After Delorean’s rushing success with their 2009 Ayrton Senna EP and a handful of stunning remixes of artists you might have heard about – Franz Ferdinand, the xx, and Cold Cave – The Spanish quartet drops Subiza via True Panther Sounds just in time for all the summer fun down at the local beach. Delorean combines the best of today’s in-fashion musical panache and ends up with a polished, original sound all their own.

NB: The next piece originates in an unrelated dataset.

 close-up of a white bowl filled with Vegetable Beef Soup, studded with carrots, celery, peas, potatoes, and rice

Subiza offers all the indie dance-pop you can shake a pair of wayfarers at. Comparatively to Ayrton Senna, not much has changed in the sonic formula. Club-oriented beats layered with native percussion drive the dance pulse through each track – while lead singer/bassist Ekhi Lopetegi sweetly lavishes out simple and sunny lyrics. Couple Lopetegi’s singing with the vocal sample bits and the reverb-drenched synthesizers that litter each song and Delorean creates this lush and shimmering texture found nowhere else in music today.

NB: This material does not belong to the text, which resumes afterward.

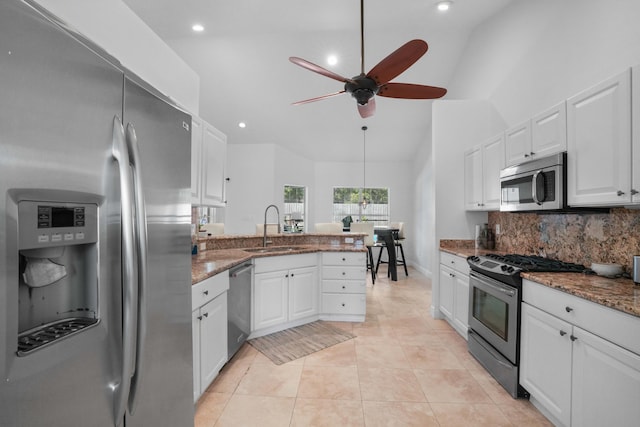 kitchen with dark stone countertops, sink, white cabinets, and appliances with stainless steel finishes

The first single off the album is “Stay Close,” and boy do theses Spaniards know how to make a summer hit. Huge reverb, melodic vocal samples, glimmering synthesizer lines stacked upon straight keyboard, heavy bass, and washed out filter build-ups that bring the club and the beach together – everything needed to drive those hipsters wild. Interestingly enough, a revving alarm sample found throughout “Stay Close” is eerily similar to a noise located in the latter half of “Brothersport” by Animal Collective. Sharing is caring I suppose.

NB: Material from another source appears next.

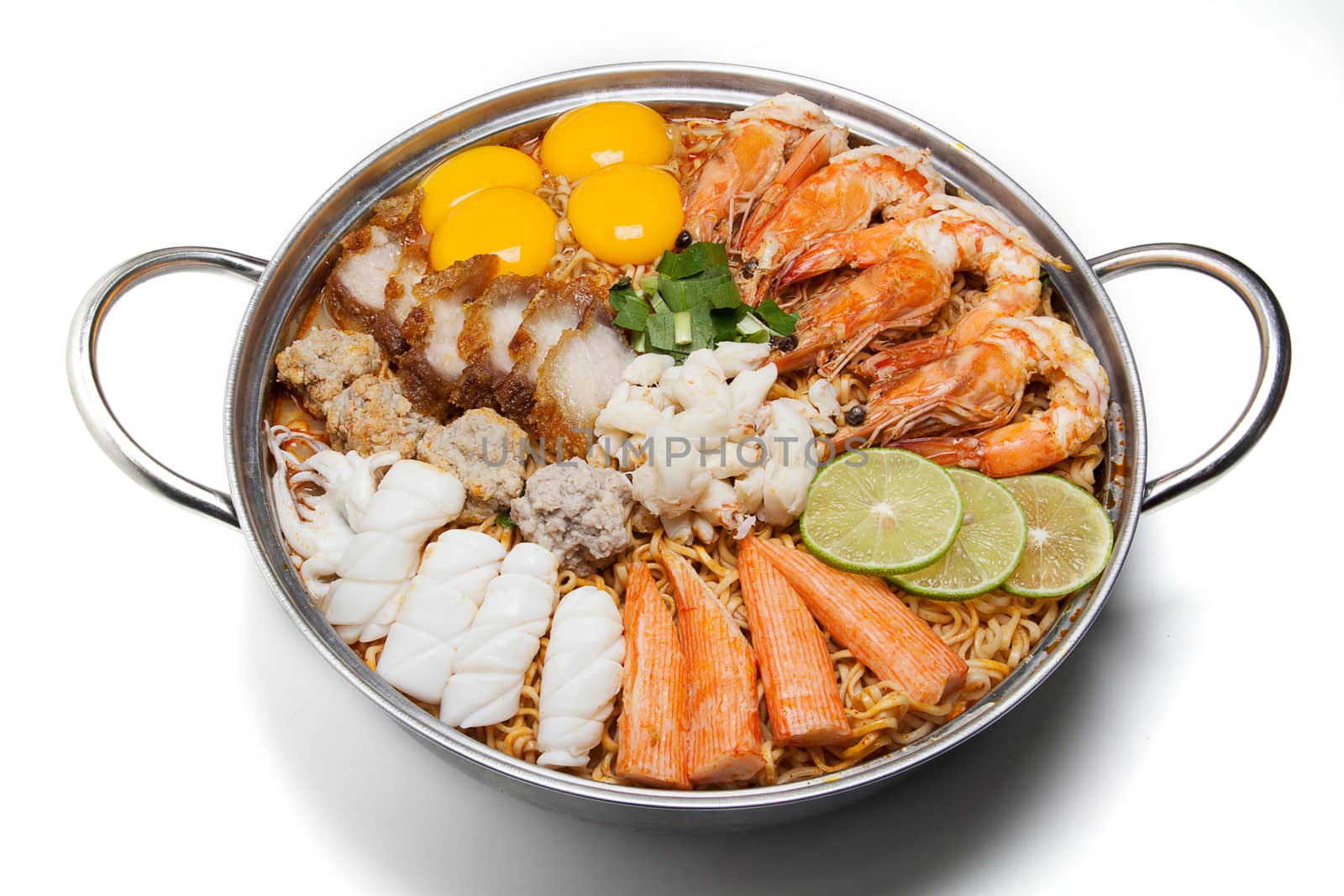 Pot of spicy instant noodles isolated on white background. Topping with eggs, lemon, pork , crispy pork, sausage , shrimp, squid, crab and coriander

Another stand out track, “Infinite Desert,” screams indie gold as the song opens with filters, transitions to pitch-shifted vocal samples tied together with a four-to-the-floor bass drum, flamenco handclaps, and Grizzly-Bear-good harmonies. It is almost as if Delorean went to the four corners of the independent music scene and took the best parts from each destination – tribal percussion with dance beats, unique samples, lo-fi harmonies, and synthesizer progressions that would make Cut Copy proud.
Subiza as a whole is lacking in sonic diversity – each song recycles the same Delorean recipe and mix process – and lucky for us this is not a bad thing. Subiza offers a handful of catchy, lo-fi, electro-pop goodness sure to make your summer dance party never end. This album is a little over forty-two minutes of solid, well-produced compositions that point to a long and bright future for Delorean. So grab your beach towel, sun block, and head down to the beach where you and this album belong.